▶ [Material shown]:

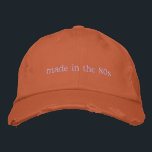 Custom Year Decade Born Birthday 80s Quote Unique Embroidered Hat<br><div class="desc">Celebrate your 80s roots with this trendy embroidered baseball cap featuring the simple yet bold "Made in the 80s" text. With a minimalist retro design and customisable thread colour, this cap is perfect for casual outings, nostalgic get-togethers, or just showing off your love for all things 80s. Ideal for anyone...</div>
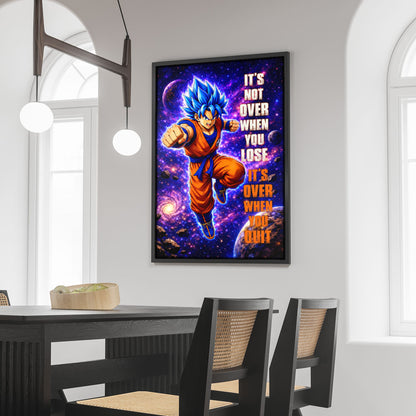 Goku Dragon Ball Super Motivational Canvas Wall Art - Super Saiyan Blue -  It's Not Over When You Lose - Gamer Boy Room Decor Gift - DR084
--
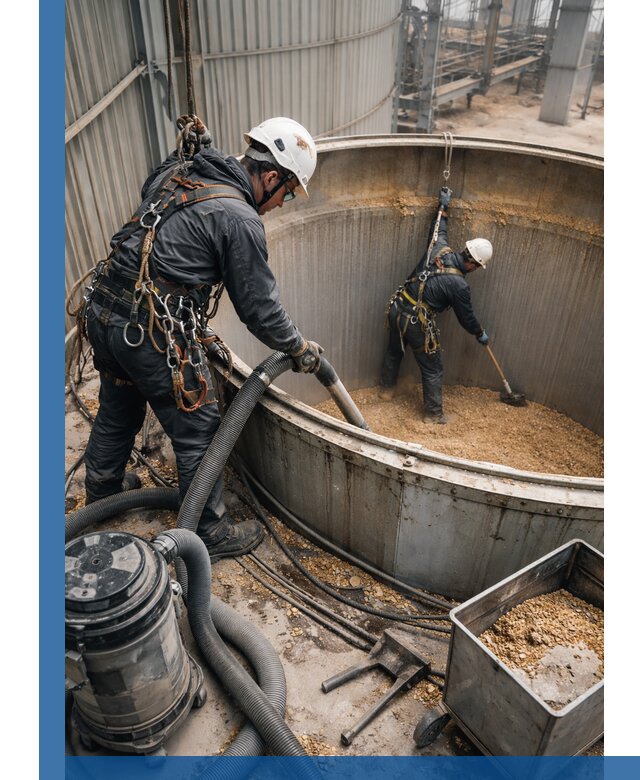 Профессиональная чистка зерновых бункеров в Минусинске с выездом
--
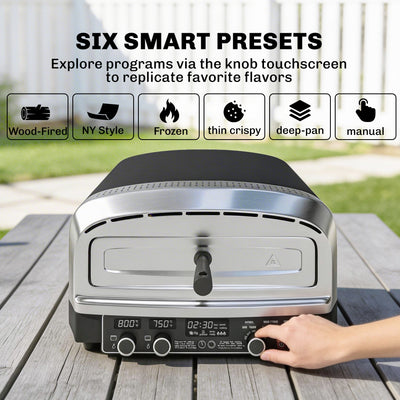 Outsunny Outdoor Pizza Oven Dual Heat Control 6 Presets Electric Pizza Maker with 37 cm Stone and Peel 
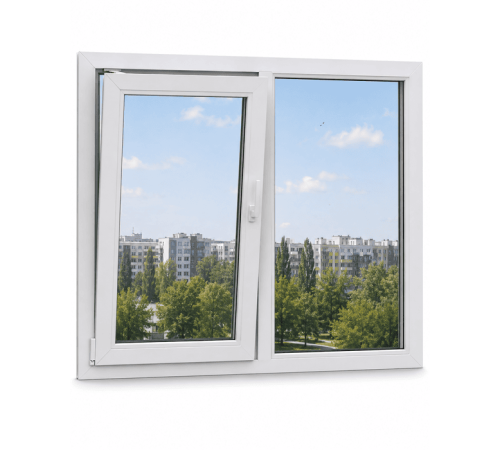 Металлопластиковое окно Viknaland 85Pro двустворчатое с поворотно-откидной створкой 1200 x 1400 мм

▶ [Activity]: Keep to the lines above from the line with "Custom Year Decade" to the line with "Goku Dragon Ball", and set down exactly those, inclusive, with nothing else and every picture left out.

▶ [Exercise response]:
 Custom Year Decade Born Birthday 80s Quote Unique Embroidered Hat<br><div class="desc">Celebrate your 80s roots with this trendy embroidered baseball cap featuring the simple yet bold "Made in the 80s" text. With a minimalist retro design and customisable thread colour, this cap is perfect for casual outings, nostalgic get-togethers, or just showing off your love for all things 80s. Ideal for anyone...</div>
 Goku Dragon Ball Super Motivational Canvas Wall Art - Super Saiyan Blue -  It's Not Over When You Lose - Gamer Boy Room Decor Gift - DR084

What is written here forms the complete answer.